::: SOURCE MATERIAL

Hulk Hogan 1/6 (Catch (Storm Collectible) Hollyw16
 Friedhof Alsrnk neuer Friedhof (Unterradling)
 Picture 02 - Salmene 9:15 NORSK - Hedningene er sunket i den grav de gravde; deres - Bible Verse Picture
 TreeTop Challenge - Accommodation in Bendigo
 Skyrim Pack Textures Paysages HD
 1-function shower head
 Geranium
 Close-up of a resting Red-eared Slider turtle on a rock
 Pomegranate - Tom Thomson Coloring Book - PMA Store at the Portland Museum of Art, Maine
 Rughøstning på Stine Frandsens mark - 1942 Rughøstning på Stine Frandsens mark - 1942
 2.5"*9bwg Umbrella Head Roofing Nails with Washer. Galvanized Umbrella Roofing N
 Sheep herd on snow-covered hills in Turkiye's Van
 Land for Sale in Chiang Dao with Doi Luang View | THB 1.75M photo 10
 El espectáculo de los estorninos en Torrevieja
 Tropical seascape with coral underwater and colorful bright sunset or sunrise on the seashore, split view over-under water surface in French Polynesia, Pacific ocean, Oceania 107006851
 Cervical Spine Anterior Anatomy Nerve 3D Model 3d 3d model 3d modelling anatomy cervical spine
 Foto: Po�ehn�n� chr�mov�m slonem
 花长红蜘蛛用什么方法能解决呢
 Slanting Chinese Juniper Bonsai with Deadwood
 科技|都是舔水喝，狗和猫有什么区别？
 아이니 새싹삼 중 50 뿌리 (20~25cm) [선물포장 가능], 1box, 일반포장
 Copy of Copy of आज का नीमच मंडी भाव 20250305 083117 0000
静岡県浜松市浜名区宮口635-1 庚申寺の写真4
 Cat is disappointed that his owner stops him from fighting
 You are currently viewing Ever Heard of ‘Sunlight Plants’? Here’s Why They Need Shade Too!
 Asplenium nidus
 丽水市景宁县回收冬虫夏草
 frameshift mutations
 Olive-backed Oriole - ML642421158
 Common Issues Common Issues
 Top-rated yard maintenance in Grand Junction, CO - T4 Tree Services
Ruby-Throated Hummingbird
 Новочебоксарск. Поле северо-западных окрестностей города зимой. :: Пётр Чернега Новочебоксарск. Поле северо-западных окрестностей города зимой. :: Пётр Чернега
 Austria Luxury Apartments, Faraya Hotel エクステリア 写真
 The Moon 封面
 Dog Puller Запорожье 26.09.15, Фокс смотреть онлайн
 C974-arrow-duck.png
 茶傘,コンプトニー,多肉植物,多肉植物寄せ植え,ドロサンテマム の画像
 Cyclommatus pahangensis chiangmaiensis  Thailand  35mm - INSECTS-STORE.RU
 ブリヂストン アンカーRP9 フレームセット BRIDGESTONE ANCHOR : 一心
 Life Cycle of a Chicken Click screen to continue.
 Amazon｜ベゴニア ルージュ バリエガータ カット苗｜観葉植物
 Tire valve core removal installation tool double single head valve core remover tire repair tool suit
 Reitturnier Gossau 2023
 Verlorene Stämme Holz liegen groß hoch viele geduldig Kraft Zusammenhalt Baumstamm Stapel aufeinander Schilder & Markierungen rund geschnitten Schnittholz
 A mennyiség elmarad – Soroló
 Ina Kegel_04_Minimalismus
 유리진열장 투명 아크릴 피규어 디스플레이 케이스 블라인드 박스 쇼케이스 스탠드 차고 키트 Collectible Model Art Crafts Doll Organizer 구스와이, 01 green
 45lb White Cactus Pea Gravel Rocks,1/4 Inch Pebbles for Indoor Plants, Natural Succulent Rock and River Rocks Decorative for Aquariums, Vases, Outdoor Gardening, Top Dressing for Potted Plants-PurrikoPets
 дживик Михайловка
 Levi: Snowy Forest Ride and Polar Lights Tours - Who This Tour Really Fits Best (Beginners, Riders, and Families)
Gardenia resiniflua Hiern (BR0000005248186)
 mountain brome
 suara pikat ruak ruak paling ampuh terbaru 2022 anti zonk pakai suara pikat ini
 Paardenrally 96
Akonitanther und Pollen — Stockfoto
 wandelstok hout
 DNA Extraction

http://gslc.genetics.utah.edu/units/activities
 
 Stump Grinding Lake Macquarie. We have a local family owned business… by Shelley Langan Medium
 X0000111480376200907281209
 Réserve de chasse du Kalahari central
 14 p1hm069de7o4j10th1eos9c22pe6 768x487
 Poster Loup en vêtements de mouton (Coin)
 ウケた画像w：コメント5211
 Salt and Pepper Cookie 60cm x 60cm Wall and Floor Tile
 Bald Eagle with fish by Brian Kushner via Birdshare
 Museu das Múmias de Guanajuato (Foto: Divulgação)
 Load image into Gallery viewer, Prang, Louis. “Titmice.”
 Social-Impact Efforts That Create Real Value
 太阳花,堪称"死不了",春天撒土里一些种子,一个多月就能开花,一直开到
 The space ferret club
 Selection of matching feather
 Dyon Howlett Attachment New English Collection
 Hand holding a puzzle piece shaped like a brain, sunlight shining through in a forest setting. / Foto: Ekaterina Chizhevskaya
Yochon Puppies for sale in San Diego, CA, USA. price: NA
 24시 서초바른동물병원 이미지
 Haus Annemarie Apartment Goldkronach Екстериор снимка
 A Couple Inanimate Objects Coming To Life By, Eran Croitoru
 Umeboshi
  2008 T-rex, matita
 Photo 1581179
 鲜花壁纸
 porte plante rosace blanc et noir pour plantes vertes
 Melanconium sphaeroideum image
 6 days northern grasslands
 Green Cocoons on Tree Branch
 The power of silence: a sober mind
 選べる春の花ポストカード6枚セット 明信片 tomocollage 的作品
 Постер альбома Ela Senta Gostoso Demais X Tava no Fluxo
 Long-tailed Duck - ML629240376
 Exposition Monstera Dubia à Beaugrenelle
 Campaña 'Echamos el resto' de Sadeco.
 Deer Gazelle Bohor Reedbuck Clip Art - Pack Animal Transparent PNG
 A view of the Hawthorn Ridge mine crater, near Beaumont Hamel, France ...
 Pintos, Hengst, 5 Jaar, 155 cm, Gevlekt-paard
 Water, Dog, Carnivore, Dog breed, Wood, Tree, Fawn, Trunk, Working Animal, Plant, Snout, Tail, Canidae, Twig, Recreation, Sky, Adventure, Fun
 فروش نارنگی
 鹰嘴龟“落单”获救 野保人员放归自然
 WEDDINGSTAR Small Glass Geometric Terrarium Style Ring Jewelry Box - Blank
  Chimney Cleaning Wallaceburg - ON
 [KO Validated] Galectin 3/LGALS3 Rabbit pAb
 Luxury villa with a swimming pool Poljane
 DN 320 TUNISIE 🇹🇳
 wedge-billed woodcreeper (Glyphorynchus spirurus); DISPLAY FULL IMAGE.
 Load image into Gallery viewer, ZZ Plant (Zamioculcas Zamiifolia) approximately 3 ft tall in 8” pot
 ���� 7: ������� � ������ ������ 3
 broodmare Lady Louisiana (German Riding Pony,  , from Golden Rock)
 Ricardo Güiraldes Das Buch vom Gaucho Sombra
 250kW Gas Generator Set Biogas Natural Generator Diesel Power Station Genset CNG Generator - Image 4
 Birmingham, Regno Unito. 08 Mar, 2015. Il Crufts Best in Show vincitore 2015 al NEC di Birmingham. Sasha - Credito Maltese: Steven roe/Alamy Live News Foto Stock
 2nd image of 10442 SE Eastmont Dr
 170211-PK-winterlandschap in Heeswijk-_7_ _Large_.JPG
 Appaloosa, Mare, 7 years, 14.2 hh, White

::::::

TASK BRIEF. The response should consist only of the lines from the one containing "170211-PK-winterlandschap in Heeswijk-_7_" to the end of the material above, both included.

RESULT OF THE EXERCISE.
 170211-PK-winterlandschap in Heeswijk-_7_ _Large_.JPG
 Appaloosa, Mare, 7 years, 14.2 hh, White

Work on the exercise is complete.